Task to complete:
Go to the line containing "Big Cystic Acne" and retype it and every later line exactly as written, up to the last line of the entries. Keep pictures out.

Material for this exercise:
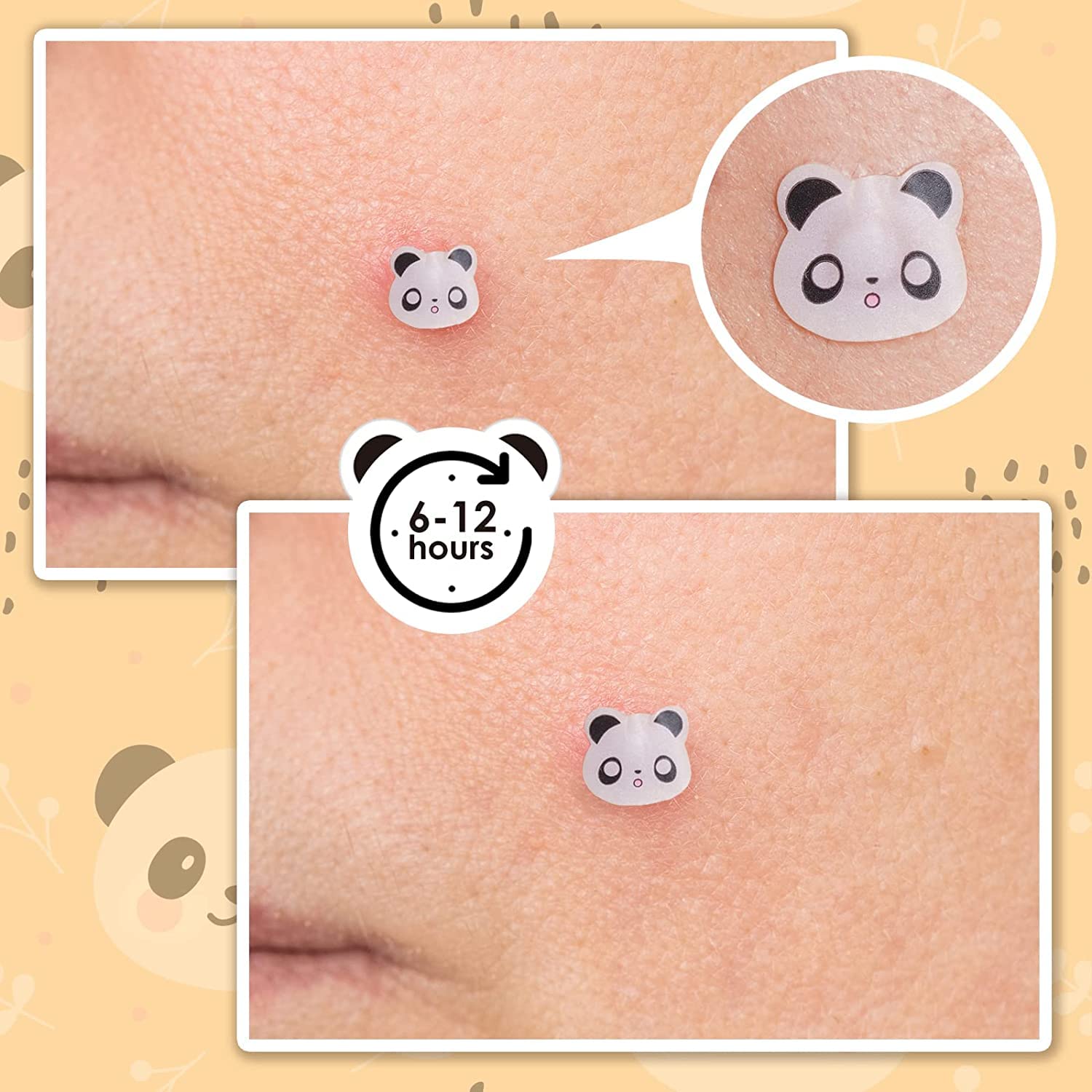AUSLKA Panda Patches thicker dots provide longer protection while staying lightweight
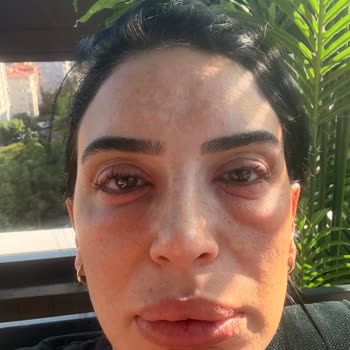 Flormar Göz Kalemi Kullanımından Sonra Şiddetli Alerjik Reaksiyon Ve Şirketin Yetersiz Cevabı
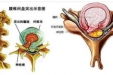 腰椎间盘突出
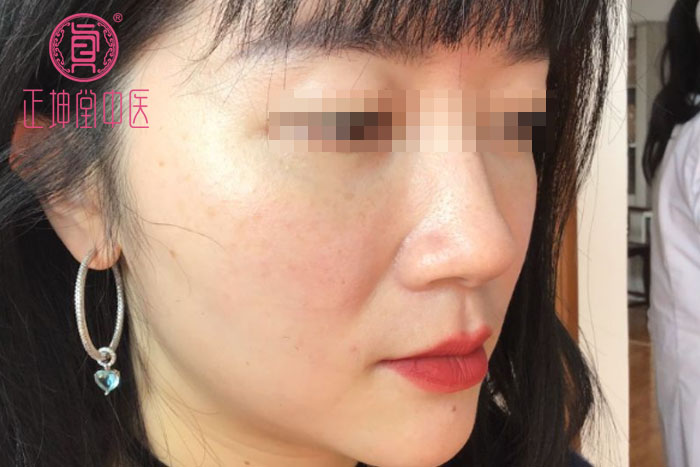衰老期皮肤松弛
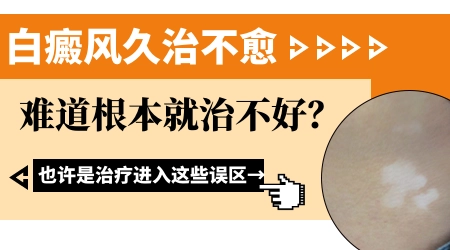 脸上白斑是白癜风吗 白癜风好治疗吗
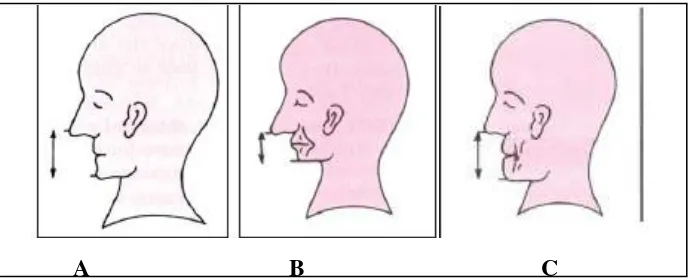 Gambar 6. Tinggi Wajah bagian bawah (A) = Normal (B)= Berkurang (C)= Bertambah20 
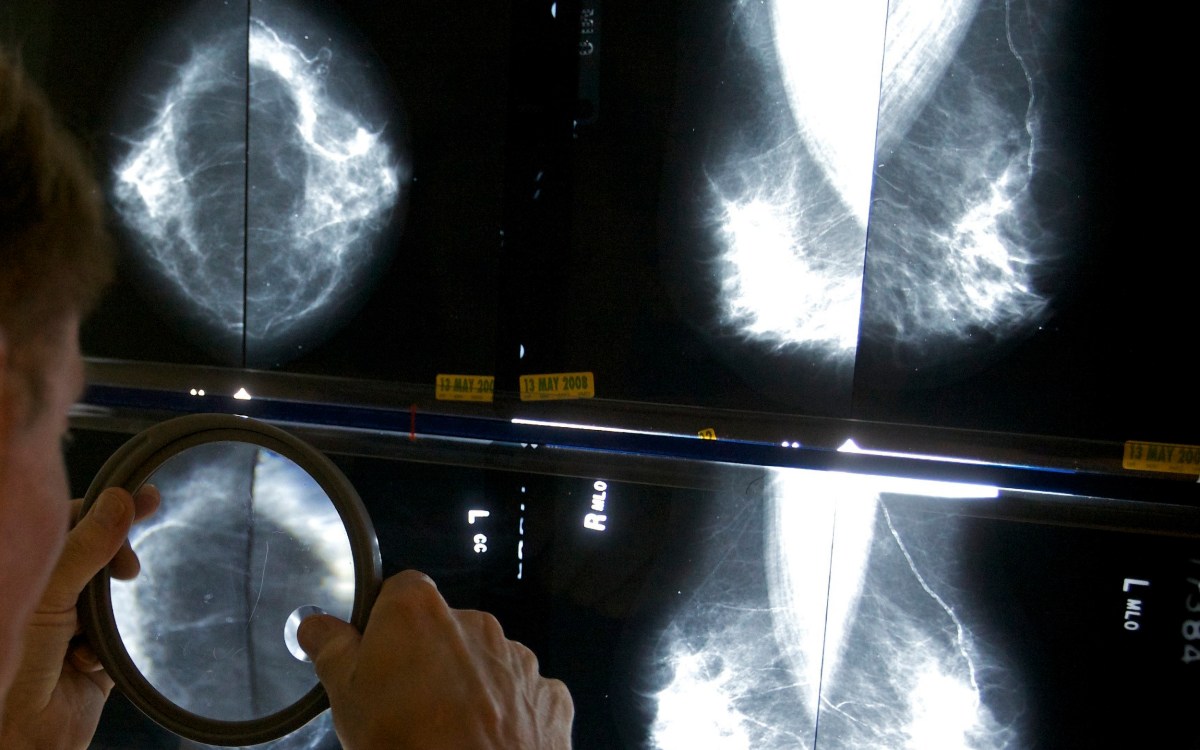 Radiologist examines mammograms with magnifying glass.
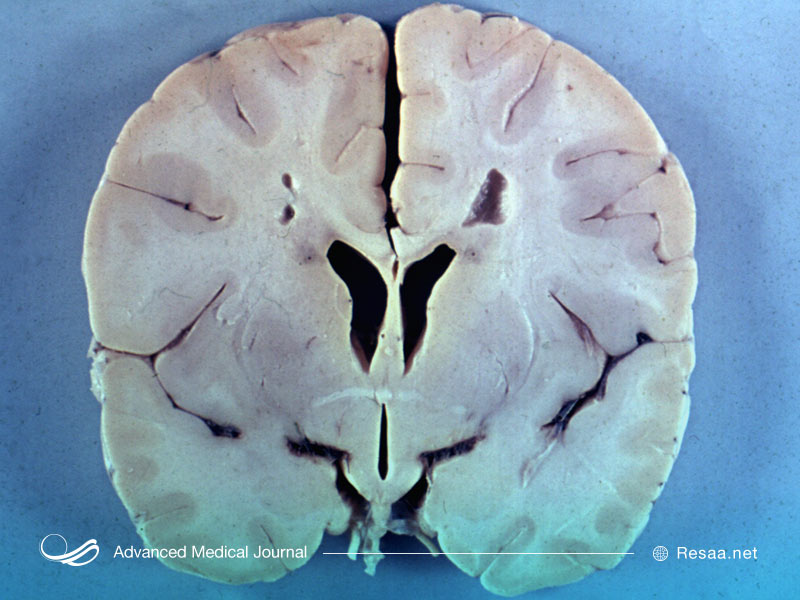 بیماری الکساندر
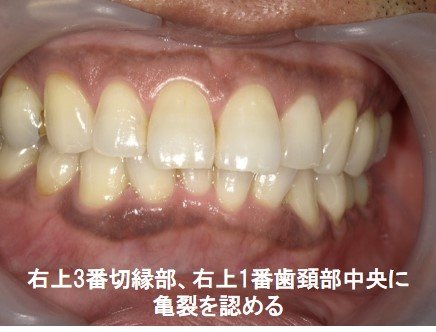 歯の亀裂（クラック）
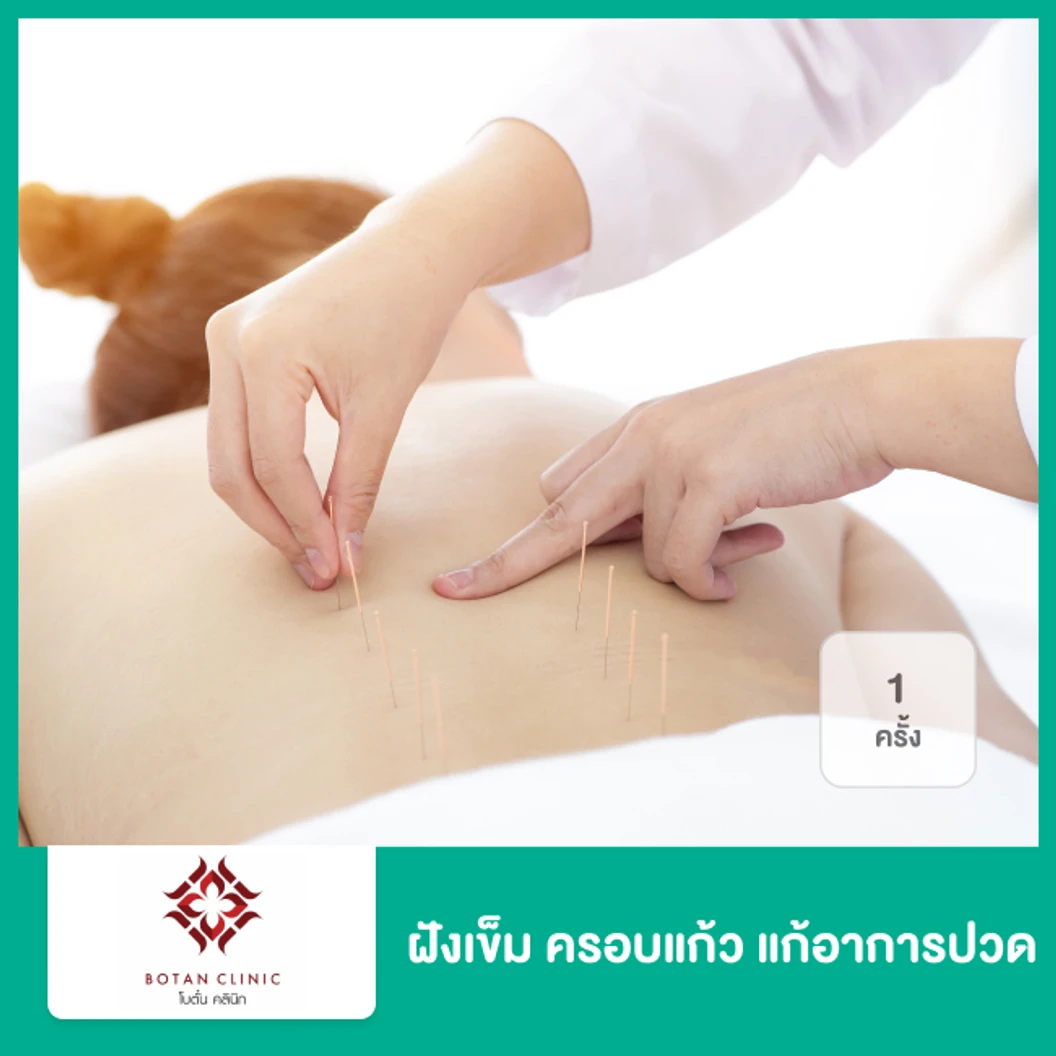 ฝังเข็ม ครอบแก้ว แก้อาการปวด 1 ครั้ง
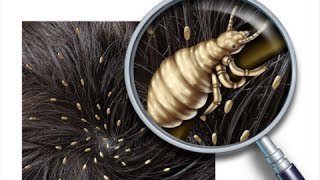 How to Get Rid of Head Lice Fast  Home Remedies For Lice [upl. by Eiramaliehs]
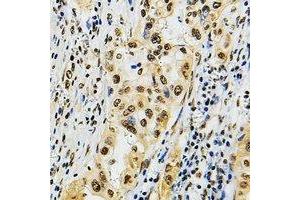 Immunohistochemical analysis of POLR3B staining in human lung cancer formalin fixed paraffin embedded tissue section. (POLR3B antibody)
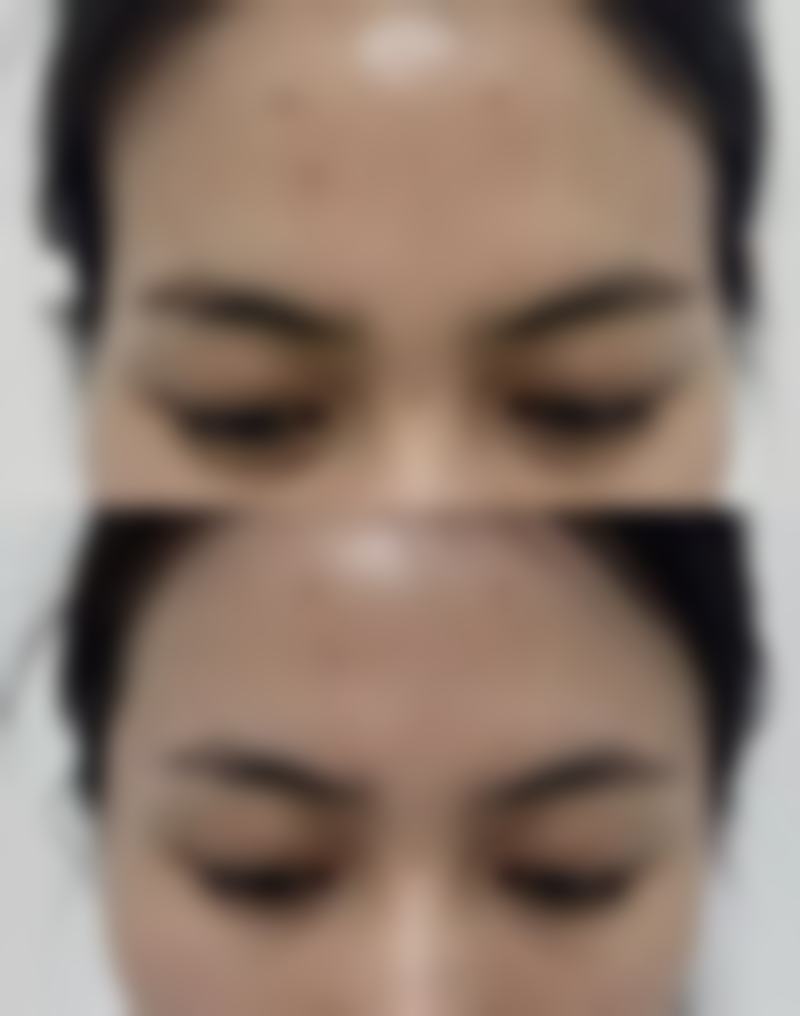 北京画美医疗美容做双眼皮后吃驴肉适合吗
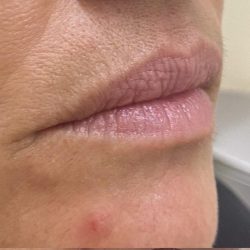 Lip Augmentation Before & After Patient #1236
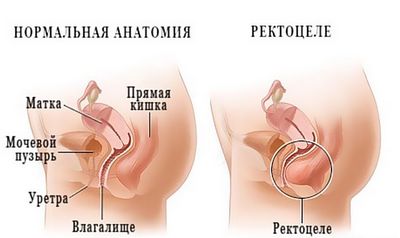 ректоцеле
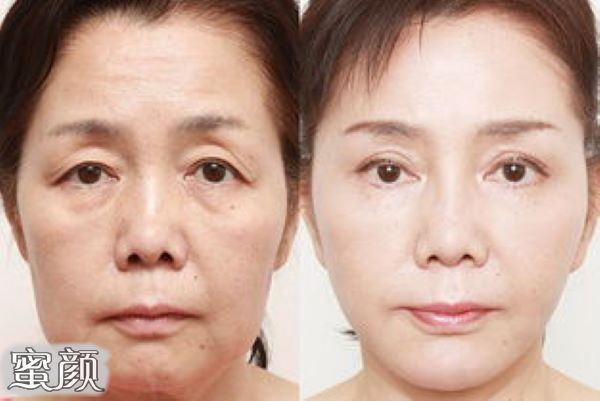 https://img.yiyiaimei.com/mnt/Editor/2020-12-11/5fd2e13593338.jpg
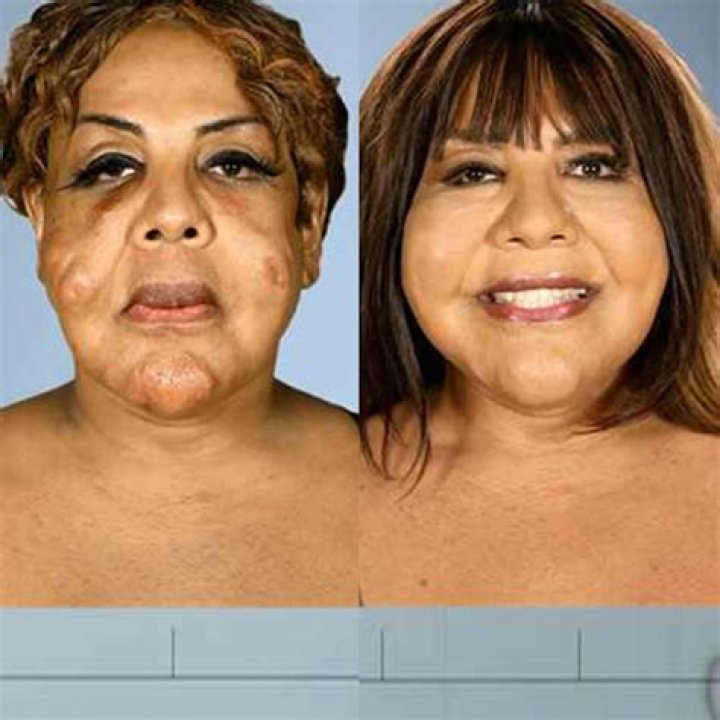 See the Most Extreme Plastic Surgery Transformations From ‘Botched’!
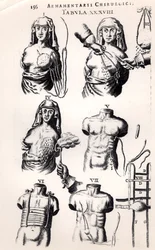 Operação a cancro da mama, de Armamentarii Chirurgici de Johannes Schultes (1595-1645), publicado em Amesterdão, 1672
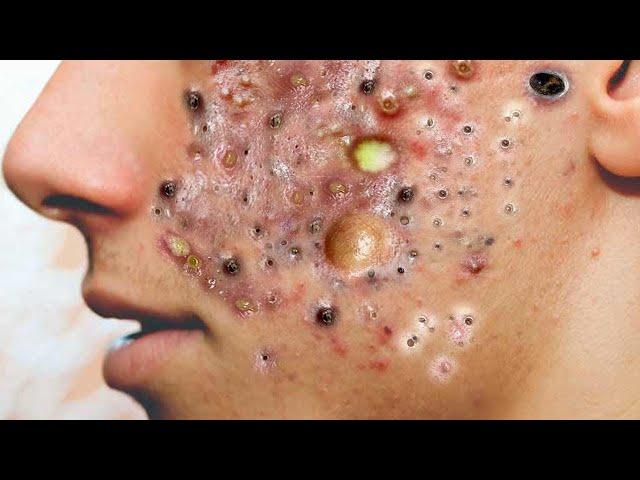 Big Cystic Acne Blackheads Extraction Blackheads & Milia, Whiteheads Removal Pimple Popping # 1065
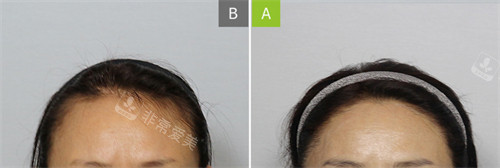 韩国MOAMAN毛阿满医院发际线移植前后图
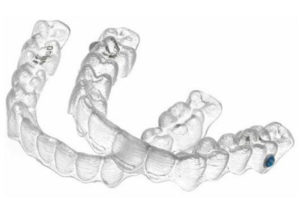 invisalign trays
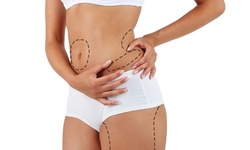 1, 6, 8, or 12 30-Minute 3D Laser-Lipo Sessions at Luxuries by Lakay (Up to 38% Off)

Answer for the task:
 Big Cystic Acne Blackheads Extraction Blackheads & Milia, Whiteheads Removal Pimple Popping # 1065
 韩国MOAMAN毛阿满医院发际线移植前后图
 invisalign trays
 1, 6, 8, or 12 30-Minute 3D Laser-Lipo Sessions at Luxuries by Lakay (Up to 38% Off)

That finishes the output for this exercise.